Get a cheap machine, like a Celeron 650 MHz. Put in two network cards. Make sure it has a CD drive. Go online and download the .iso for Smoothwall. Burn it to a CD. Hook up a monitor and keyboard to the Celeron. Boot from the Smoothwall CD you made. Install Smoothwall. After you get done, shut down Smoothwall. Hook up internet to the red interface, and your PC to the green interface. Then, boot Smoothwall. Boot your PC. Now you have a packet dropping firewall with a network address translator. This is not to be confused with a packet filtering firewall, which comes with most linux distros. A port scan can learn a lot about a machine with a packet filtering firewall. A packet dropping firewall looks like an unused IP to a port scanner. Unless someone knows your IP, and knows you have Smoothwall, it is impenetrable. it works flawlessly for years on end. I have never had it fail, or need rebooting. It makes you completely invisible. I tried the famous network security hacker, Saint, on it. I tried every test to hack that firewall. Everything timed out, with no result. Saint thought it was a dead connection. Saint is the most sophisticated network penetration tool available. It comes with SuSE linux. It is great for testing security. Don't use it for anything illegal. Saint is like jail bait. You can really, seriously get into trouble for scanning other people's systems. Scan your own, though.

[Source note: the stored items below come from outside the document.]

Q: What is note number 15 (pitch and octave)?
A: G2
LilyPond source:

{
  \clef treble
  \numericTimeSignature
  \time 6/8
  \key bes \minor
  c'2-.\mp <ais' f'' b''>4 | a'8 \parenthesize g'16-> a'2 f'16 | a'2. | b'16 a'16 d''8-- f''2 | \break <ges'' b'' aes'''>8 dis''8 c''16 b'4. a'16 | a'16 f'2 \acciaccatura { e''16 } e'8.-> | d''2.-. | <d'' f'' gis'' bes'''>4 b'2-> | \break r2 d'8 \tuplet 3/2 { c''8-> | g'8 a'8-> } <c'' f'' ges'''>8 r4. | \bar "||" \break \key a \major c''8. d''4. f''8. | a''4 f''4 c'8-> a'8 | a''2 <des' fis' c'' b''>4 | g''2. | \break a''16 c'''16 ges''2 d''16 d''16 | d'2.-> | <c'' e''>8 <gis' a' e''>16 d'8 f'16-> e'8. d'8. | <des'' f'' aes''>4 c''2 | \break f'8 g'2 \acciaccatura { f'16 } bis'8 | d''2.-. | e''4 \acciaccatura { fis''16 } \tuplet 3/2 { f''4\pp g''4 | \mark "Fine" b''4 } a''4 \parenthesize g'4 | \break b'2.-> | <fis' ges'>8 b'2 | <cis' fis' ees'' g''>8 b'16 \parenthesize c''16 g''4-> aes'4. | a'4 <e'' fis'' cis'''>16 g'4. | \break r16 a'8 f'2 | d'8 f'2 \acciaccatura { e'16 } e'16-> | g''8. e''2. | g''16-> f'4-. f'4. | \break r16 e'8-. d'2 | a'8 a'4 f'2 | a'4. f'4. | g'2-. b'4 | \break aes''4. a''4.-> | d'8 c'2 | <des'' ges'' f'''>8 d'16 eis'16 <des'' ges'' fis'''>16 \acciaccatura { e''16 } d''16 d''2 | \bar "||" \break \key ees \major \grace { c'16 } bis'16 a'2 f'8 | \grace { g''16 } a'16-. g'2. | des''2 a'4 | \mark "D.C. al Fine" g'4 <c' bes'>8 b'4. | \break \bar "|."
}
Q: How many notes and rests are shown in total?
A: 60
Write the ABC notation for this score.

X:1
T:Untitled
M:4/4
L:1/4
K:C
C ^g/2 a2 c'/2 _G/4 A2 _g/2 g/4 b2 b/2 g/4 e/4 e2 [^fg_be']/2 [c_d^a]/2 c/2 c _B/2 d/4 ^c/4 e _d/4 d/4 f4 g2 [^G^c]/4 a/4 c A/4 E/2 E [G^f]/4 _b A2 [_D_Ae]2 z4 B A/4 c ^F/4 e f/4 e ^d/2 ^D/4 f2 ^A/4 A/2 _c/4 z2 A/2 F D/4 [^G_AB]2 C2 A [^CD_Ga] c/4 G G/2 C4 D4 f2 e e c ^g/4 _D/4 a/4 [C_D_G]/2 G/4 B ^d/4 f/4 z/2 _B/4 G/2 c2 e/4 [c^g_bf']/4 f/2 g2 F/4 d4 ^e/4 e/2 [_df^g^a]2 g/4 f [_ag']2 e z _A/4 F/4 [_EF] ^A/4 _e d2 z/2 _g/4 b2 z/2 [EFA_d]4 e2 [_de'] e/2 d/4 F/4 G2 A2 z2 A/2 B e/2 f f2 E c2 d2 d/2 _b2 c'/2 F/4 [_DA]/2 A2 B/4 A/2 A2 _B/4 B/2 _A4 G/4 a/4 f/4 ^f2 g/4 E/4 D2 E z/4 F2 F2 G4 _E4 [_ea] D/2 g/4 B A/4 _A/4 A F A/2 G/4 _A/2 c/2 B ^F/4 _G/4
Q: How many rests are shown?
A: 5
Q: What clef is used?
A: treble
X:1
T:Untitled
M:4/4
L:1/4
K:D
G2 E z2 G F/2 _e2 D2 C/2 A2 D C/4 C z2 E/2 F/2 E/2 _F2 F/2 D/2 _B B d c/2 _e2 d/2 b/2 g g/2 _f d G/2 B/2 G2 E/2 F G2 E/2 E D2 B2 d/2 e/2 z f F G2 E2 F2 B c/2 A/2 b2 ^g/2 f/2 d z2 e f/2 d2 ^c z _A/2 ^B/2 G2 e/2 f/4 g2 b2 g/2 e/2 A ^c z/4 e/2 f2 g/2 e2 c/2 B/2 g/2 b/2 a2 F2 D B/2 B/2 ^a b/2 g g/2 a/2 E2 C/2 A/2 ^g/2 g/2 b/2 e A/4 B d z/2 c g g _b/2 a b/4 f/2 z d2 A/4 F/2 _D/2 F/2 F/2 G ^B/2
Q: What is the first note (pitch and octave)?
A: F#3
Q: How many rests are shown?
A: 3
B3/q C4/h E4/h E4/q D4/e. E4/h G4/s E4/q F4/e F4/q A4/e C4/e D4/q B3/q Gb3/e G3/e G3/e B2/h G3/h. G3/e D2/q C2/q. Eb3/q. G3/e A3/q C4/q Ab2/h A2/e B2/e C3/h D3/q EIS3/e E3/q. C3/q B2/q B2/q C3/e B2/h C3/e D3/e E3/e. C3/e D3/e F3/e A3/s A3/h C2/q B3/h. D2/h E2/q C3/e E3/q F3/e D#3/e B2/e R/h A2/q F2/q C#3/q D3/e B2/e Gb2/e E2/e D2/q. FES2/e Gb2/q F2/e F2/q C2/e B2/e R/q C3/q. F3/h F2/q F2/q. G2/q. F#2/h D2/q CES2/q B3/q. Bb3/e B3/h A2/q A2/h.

fakie_flip · 09-18-2005, 02:34 PM

Quote:

Originally posted by TigerOC
You need to do the following;

Copy the above to an editor and save it in /etc/init.d as rc.firewall. To make it executable cd to /etc/init.d and do as root in a console chmod +x rc.firewall. Now you need to get it to start automatically at boot time so do the following;
ln -s rc.firewall /etc/rc2.d/S89firewall
ln -s rc.firewall /etc/rc3.d/S89firewall
ln -s rc.firewall /etc/rc4.d/S89firewall
ln -s rc.firewall /etc/rc5.d/S89firewall

A tip here to make this quicker than typing the whole thing each time; when you have done the first one, up-arrow and the line will appear again so just use the left arrow to go back to rc2.d and change it to 3 then go to the end of the line and press return and so on.

A better way to do that is to program a for loop, while loop, or do while loop.